● Problem to solve: The answer must reproduce exactly the lines from the one with "Photo 2 de Visite" through the end of the material, and it must contain no pictures.

● Exercise data:
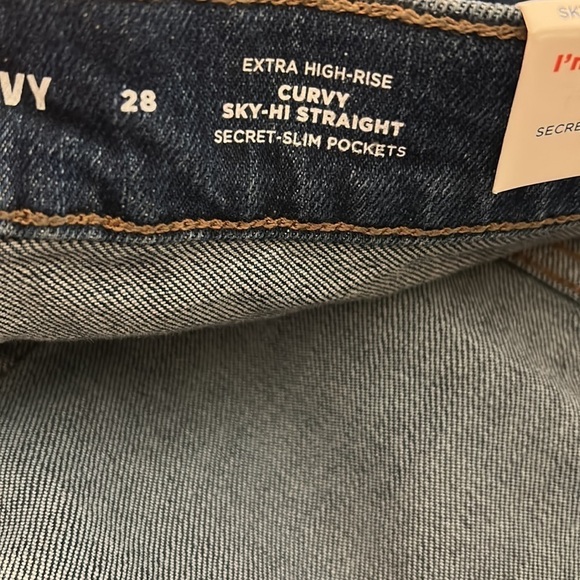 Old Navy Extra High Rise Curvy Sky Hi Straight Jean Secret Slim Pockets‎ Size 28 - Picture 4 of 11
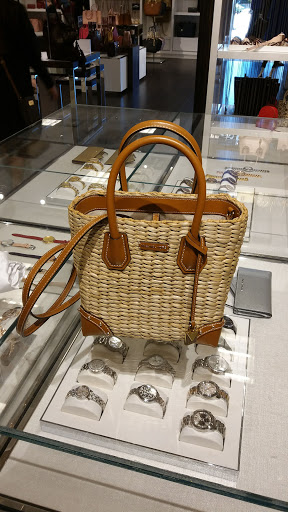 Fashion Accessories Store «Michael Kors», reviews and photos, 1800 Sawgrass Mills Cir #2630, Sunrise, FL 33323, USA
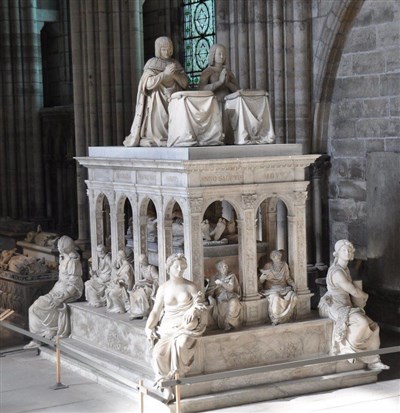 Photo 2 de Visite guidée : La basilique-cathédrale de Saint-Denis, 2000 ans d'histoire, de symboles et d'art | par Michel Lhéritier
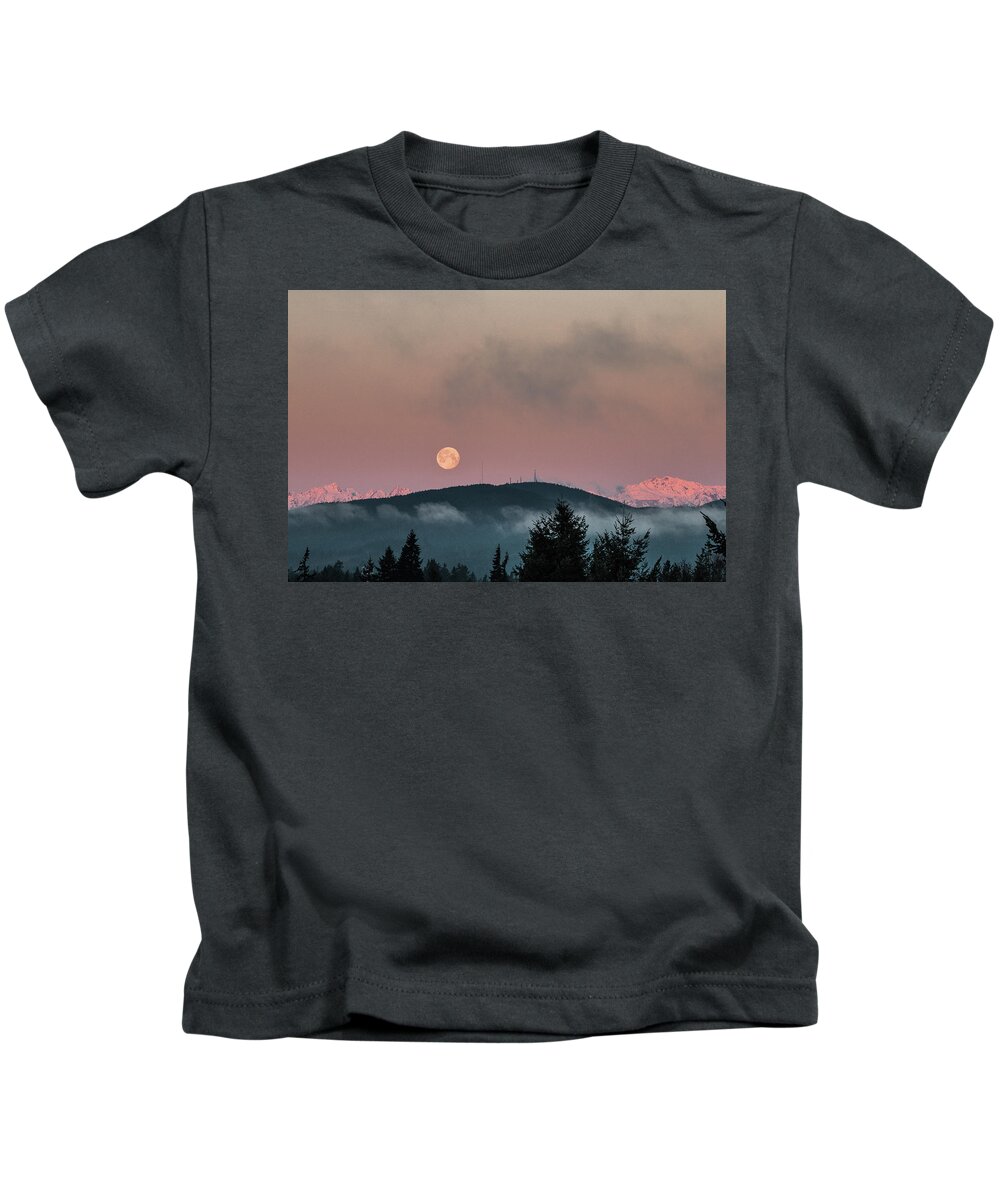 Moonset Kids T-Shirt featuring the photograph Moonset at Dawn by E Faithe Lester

● Exercise response:
 Photo 2 de Visite guidée : La basilique-cathédrale de Saint-Denis, 2000 ans d'histoire, de symboles et d'art | par Michel Lhéritier
 Moonset Kids T-Shirt featuring the photograph Moonset at Dawn by E Faithe Lester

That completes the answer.